"""
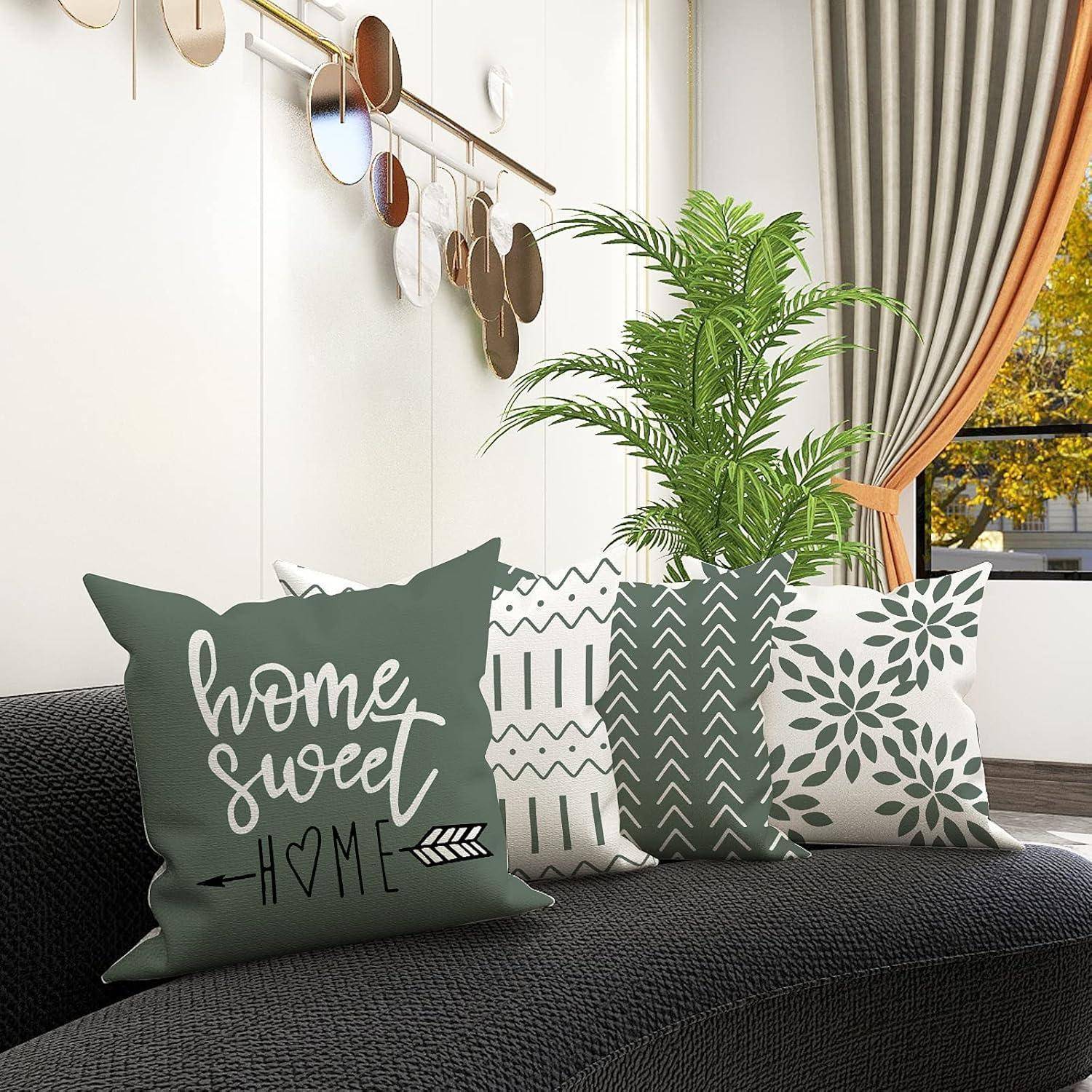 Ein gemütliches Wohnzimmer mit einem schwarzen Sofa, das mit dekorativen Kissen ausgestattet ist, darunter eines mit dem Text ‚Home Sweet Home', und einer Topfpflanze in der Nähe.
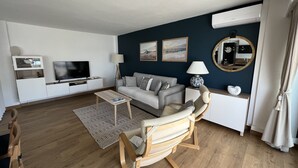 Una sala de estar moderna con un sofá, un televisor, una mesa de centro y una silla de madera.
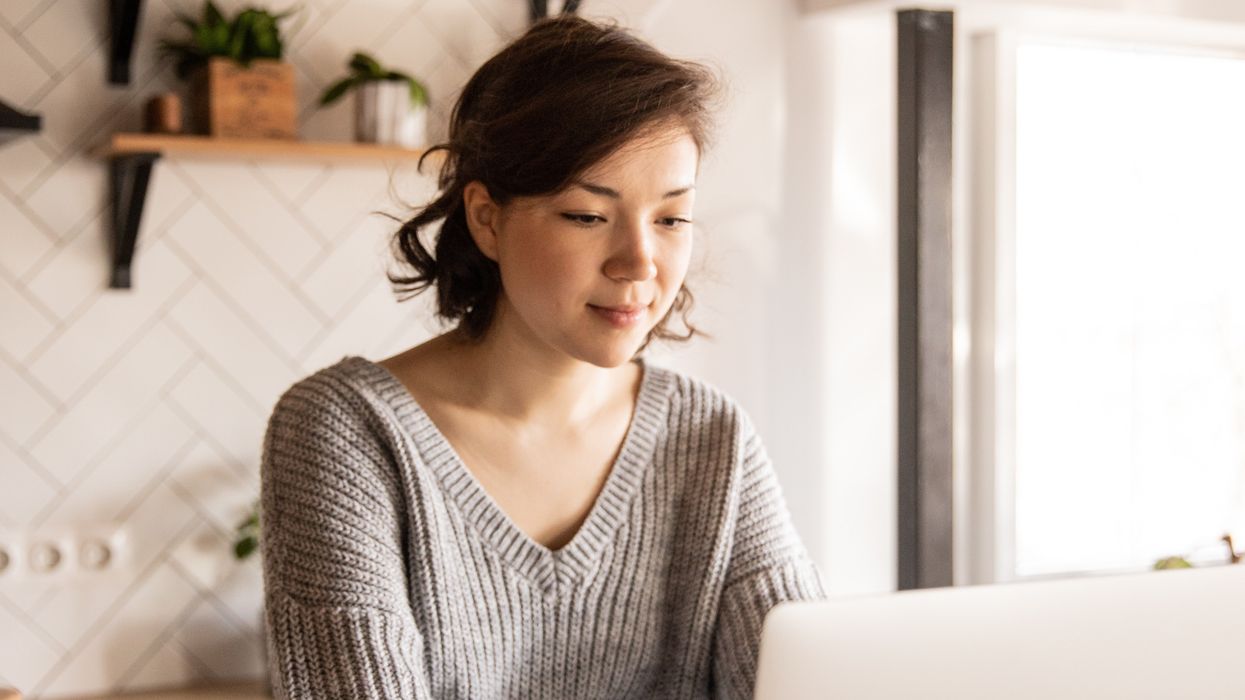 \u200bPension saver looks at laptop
"""
§ **What the exercise asks**
Please restate the material above line by line, exactly, beginning at its first line and ending with the line that contains "Una sala de", without any pictures.

§ **Solution**
 Ein gemütliches Wohnzimmer mit einem schwarzen Sofa, das mit dekorativen Kissen ausgestattet ist, darunter eines mit dem Text ‚Home Sweet Home', und einer Topfpflanze in der Nähe.
 Una sala de estar moderna con un sofá, un televisor, una mesa de centro y una silla de madera.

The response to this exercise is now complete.